Internal Linking ist 2026 der unterschätzteste SEO-Hebel überhaupt. Anders als Backlinks kostet er nichts. Anders als Content-Erstellung dauert er Stunden, nicht Wochen. Und trotzdem ignorieren ihn die meisten Agenturen, weil er weder verkaufbar ist noch sich auf Folien gut macht. Genau das macht ihn zu deinem Wettbewerbsvorteil – wenn du verstehst, wie er funktioniert.
Was du in diesem Artikel lernst: Wie PageRank durch deine Site fließt, warum das Pillar-Cluster-Modell die einzig skalierbare Architektur ist, was die 3-Klick-Regel wirklich aussagt, wie Ankertexte richtig variieren und welche Tools Orphan Pages aufdecken. Plus: Wie wir storyable.de selbst aufgebaut haben.
Was internes Linking mit SEO wirklich zu tun hat
Hinter jeder internen Verlinkung steckt ein Konzept aus dem Original-Google-Patent von 1998: PageRank. Vereinfacht: Jede Seite hat eine "Stimme" und teilt diese Stimme auf alle Seiten auf, zu denen sie verlinkt. Eine Seite mit 10 ausgehenden Links gibt jeder verlinkten Seite ein Zehntel ihrer Autorität.

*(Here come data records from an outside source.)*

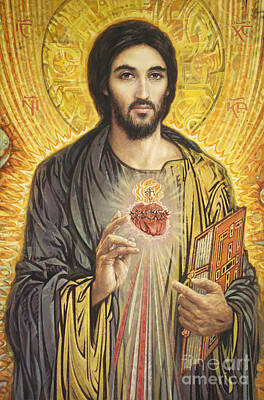 Designs Similar to Sacred Heart of Jesus olmc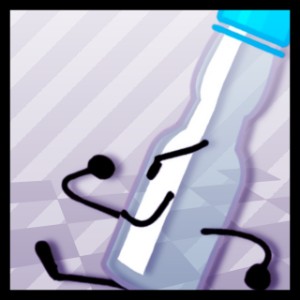marble bottle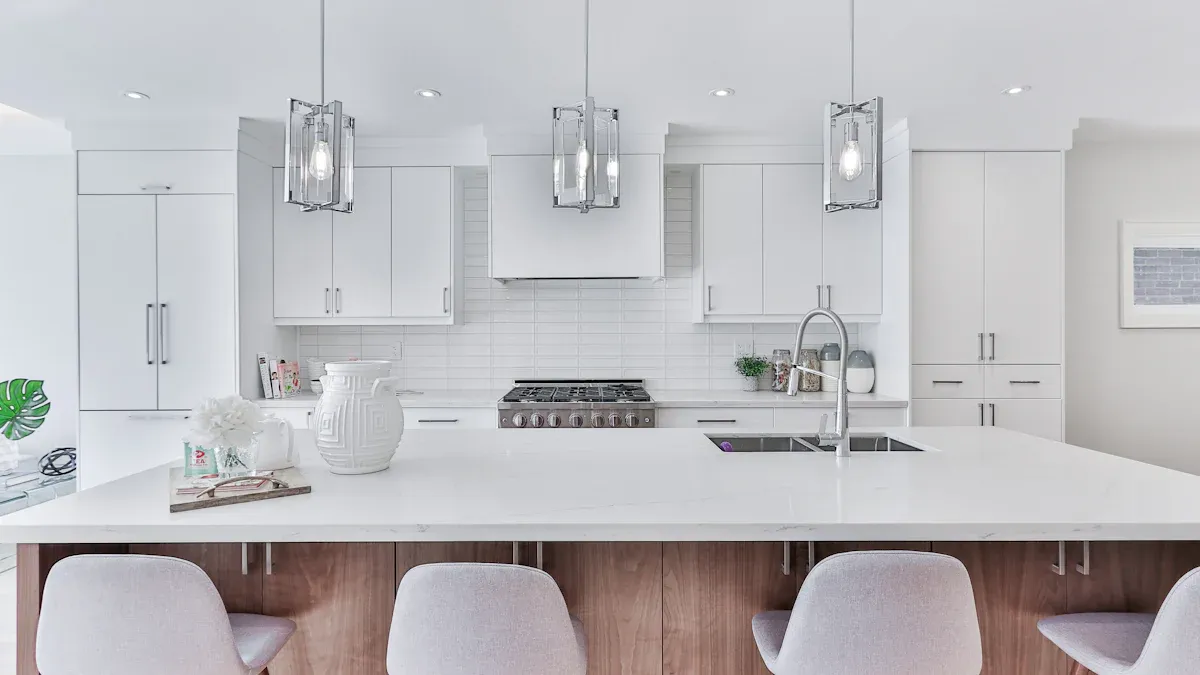 Achieving a Flawless Modern Coastal Finish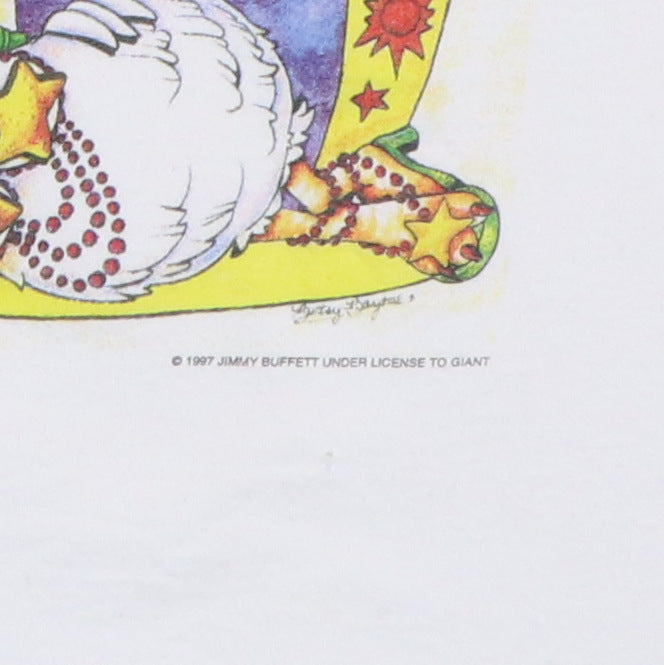 1997 Jimmy Buffett Havana Daydreamin Tour Shirt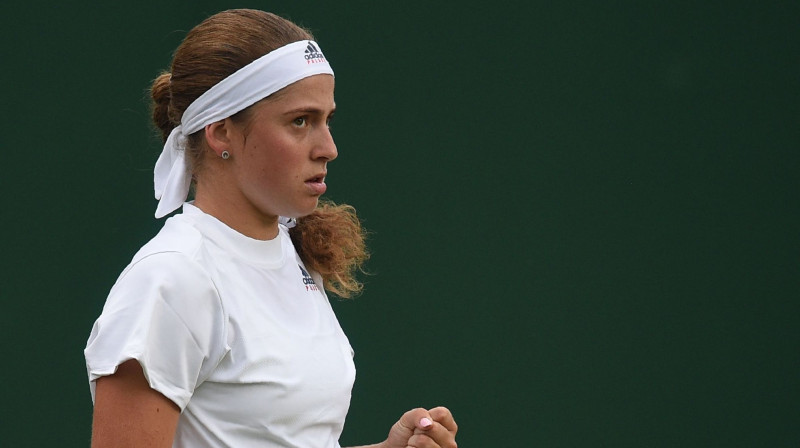Aļona Ostapenko
Foto: AFP/Scanpix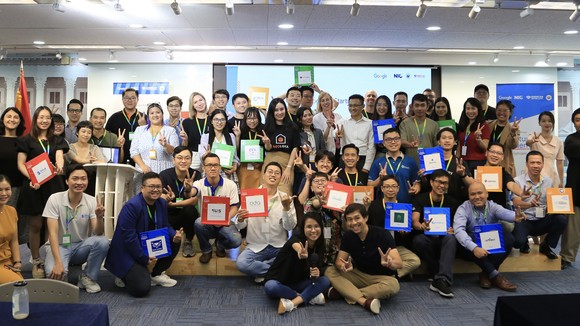 Các Startup được lựa chọn tham gia khoá đào tạo trong chương trình Google for Startups, Startup Academy Vietnam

Das hat drei direkte Konsequenzen:
- Link-Juice-Verteilung: Welche Seiten du verlinkst, bestimmt mit, welche Seiten Google als wichtig einstuft
- Crawl-Budget: Googlebot folgt internen Links. Was nicht verlinkt ist, wird selten oder nie gecrawlt
- Topical Authority: Verlinkte Seiten desselben Themas signalisieren Google ein Themen-Cluster
PageRank ist seit 2016 nicht mehr öffentlich sichtbar – aber er existiert intern weiter. Google hat es 2017 in einem Q&A bestätigt: Internal Linking ist einer der drei wichtigsten On-Page-Faktoren neben Content und Mobile-Optimierung. Wer in Suchmaschinenoptimierung investiert ohne Linking-Architektur zu verstehen, wirft Geld weg.
Der Crawl-Pfad – warum Tiefe gefährlich ist
Googlebot startet bei deiner Homepage und folgt Links. Jeder Klick "tiefer" verbraucht Crawl-Budget. Wenn deine wichtigste Service-Seite 6 Klicks von der Startseite entfernt liegt, sind drei Dinge fast garantiert:
- Die Seite wird nur alle paar Wochen gecrawlt (statt täglich wie deine Homepage)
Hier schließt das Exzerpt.